» AVAILABLE DATA
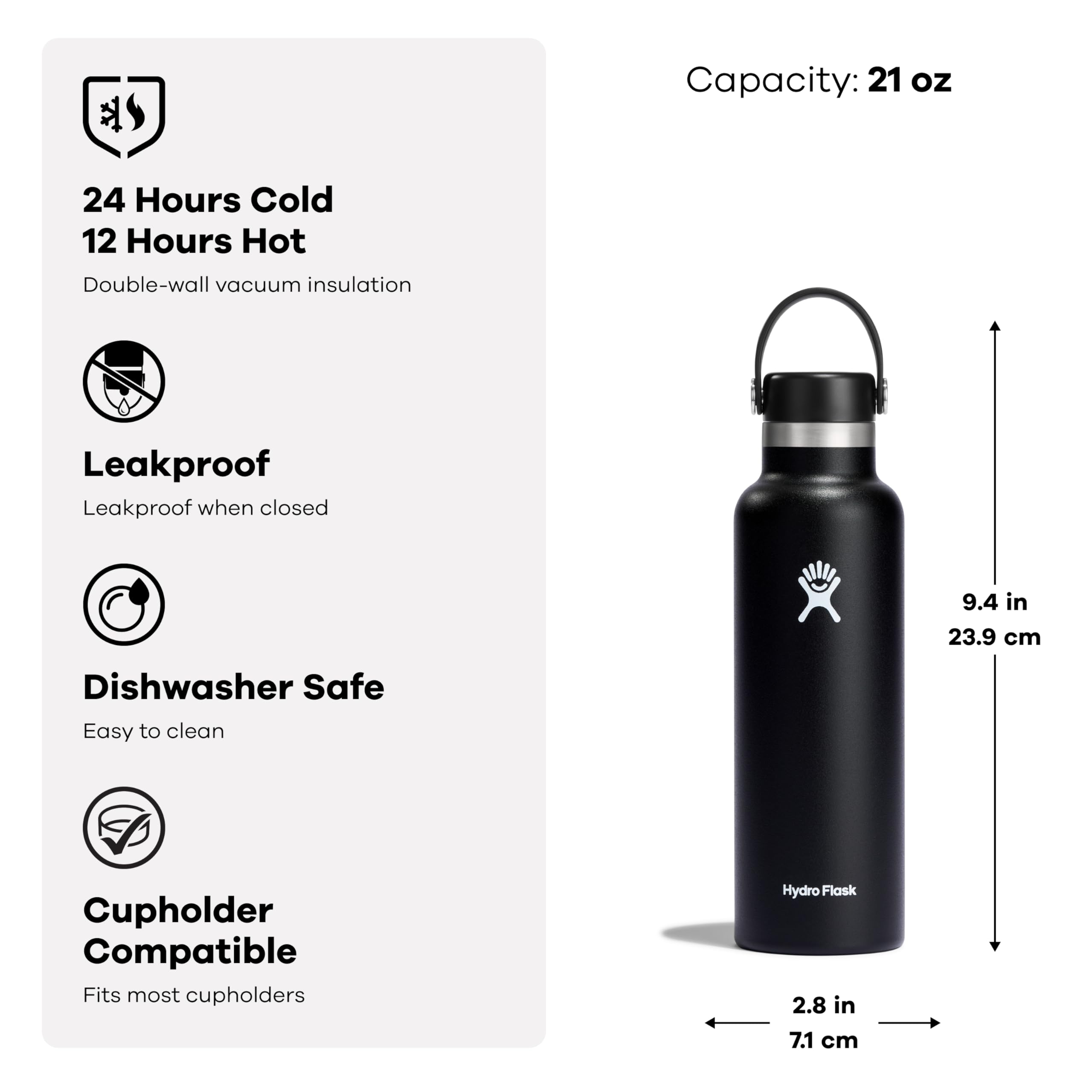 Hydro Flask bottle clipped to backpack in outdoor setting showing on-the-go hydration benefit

==

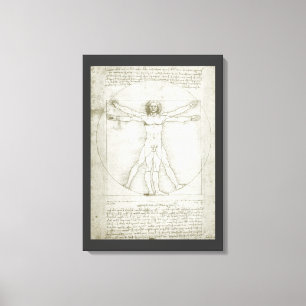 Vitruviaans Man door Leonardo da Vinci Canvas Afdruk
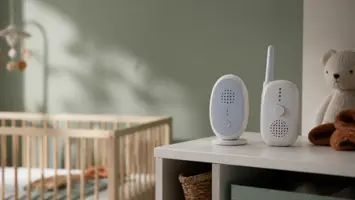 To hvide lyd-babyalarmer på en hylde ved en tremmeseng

» WHAT YOU HAVE TO DO
Word for word, write out the lines above running from the one with "Vitruviaans Man door" up to and including the one with "To hvide lyd-babyalarmer". Drop any picture.

» SOLUTION TO THIS EXERCISE
 Vitruviaans Man door Leonardo da Vinci Canvas Afdruk
 To hvide lyd-babyalarmer på en hylde ved en tremmeseng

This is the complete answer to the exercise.